Barack Obama Accepts Nobel Peace Prize
Thursday, December 10, 2009
Amid controversy at home and abroad, U.S. President Barack Obama was in Oslo, Norway today to receive the Nobel Peace Prize he won back in October.
The announcement of his award was met with both great praise and criticism, which the President addressed today in his Nobel Prize acceptance speech:
"I receive this honor with deep gratitude and humility."
"This is an award that speaks to our highest aspirations - that for all the cruelty and hardship of our world, we are not mere prisoners of fate. Our actions matter, and can bend history in the direction of justice."
"And yet I would be remiss if I did not acknowledge the considerable controversy that your generous decision has generated.
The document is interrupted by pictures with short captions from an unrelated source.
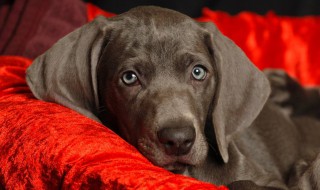 魏玛犬饲养方法 需要注意这几点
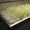 Plant physiology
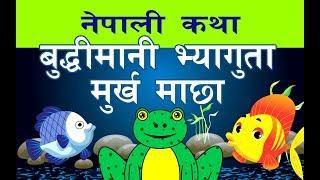 नेपाली कथा बुद्धिमानी भ्यागुता र मुर्ख माछा | Stories in Nepali For Kids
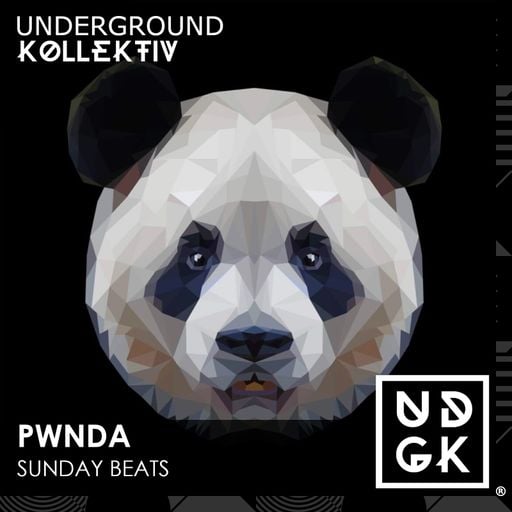 pwnda - pwnda - Sunday Beats - Celestial bodies entwined (UDGK: 13/07/2025)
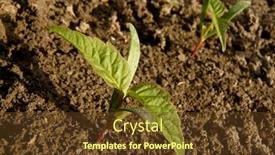  Presentation with maple - Presentation design featuring small-seedlings-of-ash-leaved background and a tawny brown colored foreground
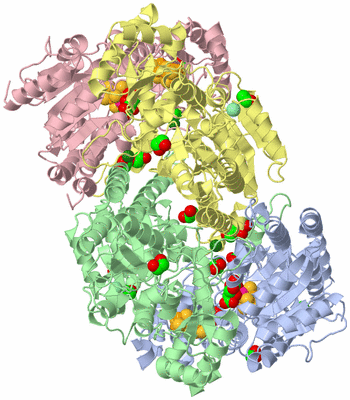 Image Asym./Biol. Unit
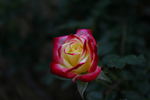 Dazzler ™ rose photo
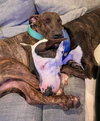 Parker - Photo 3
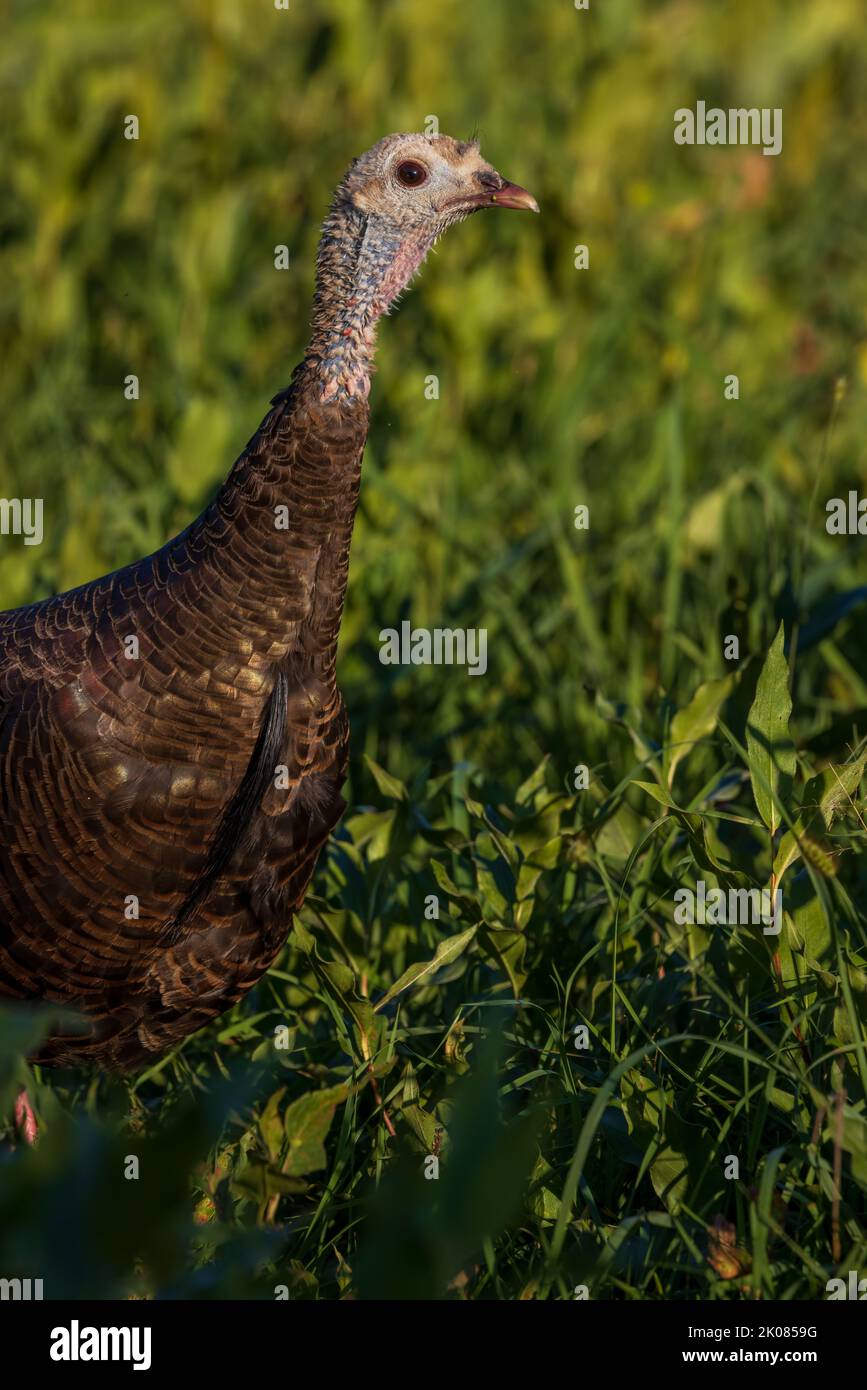 Hen turkey with a long beard in northern Wisconsin Stock Photo Alamy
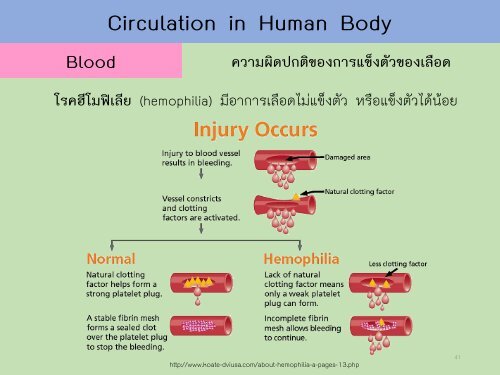 Circulatory system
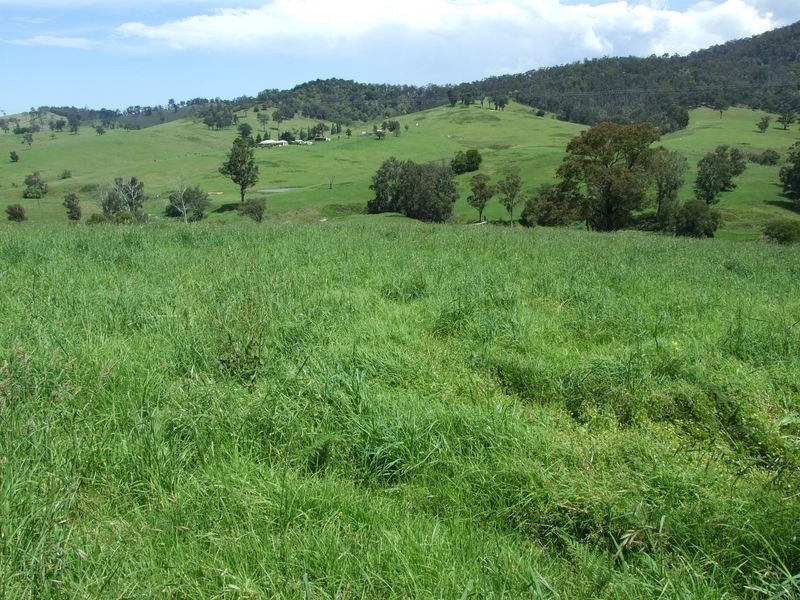 various @ Gilberts Road, Quaama NSW 2550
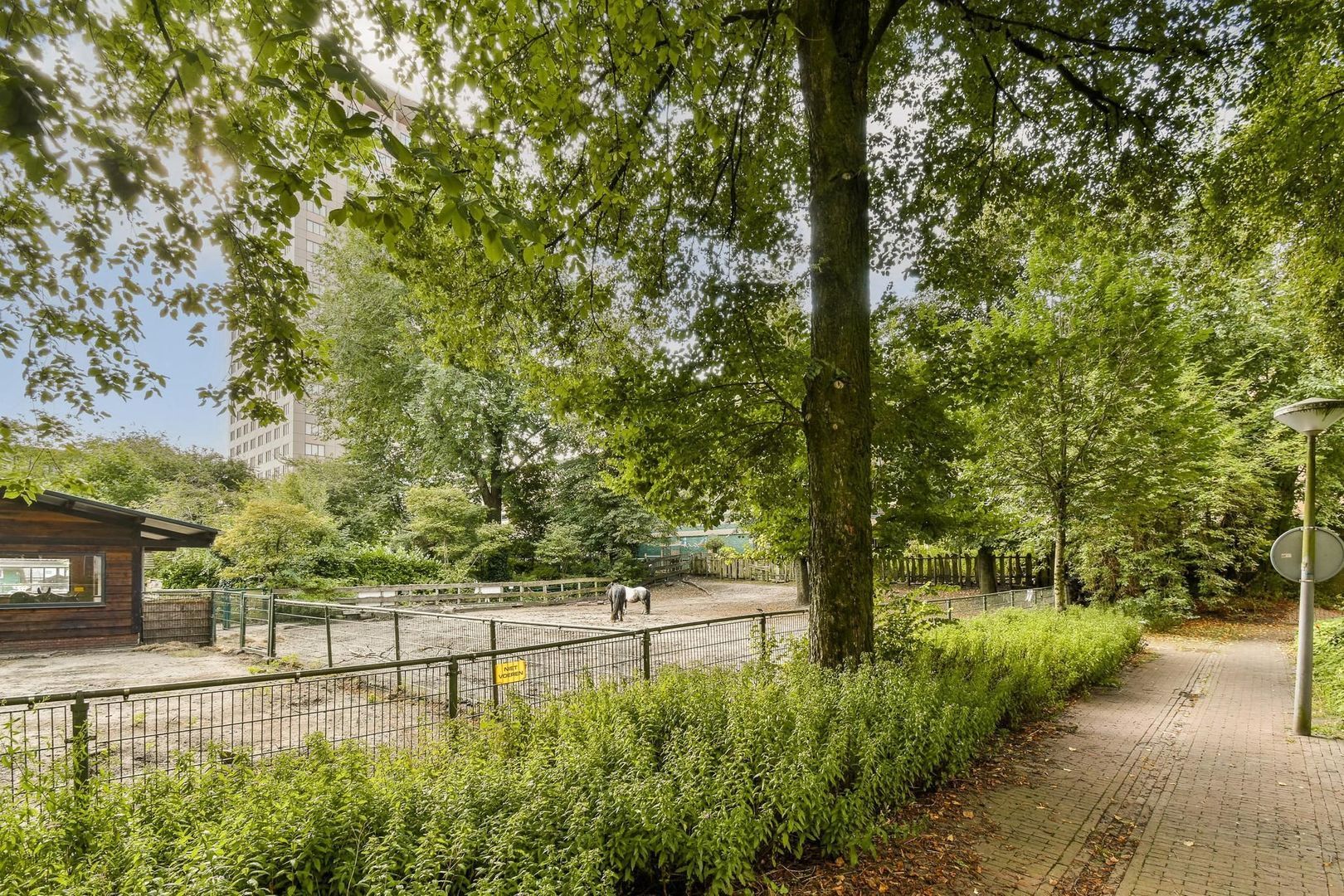 Lizzy Ansinghstraat 60, Amsterdam foto-21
In part, this is because I am at the beginning, and not the end, of my labors on the world stage."
Is Barack Obama too unproven or just plain unworthy of the Nobel Prize? Or should he take his award as a vote of confidence and call to action from the world?
The President, whose wife was just named the most fascinating person of 2009, has come under fire for receiving the Nobel as a relative novice on the global stage.
He was inaugurated not even 11 months ago - as well as his particular brand of leadership has sparked great debate over whether he truly deserves this honor.
Reactions also seem to be falling along ideological lines, with the most specific critiques of Obama centering on his simultaneous attempts to balance widespread initiatives for peace while escalating the war in Afghanistan.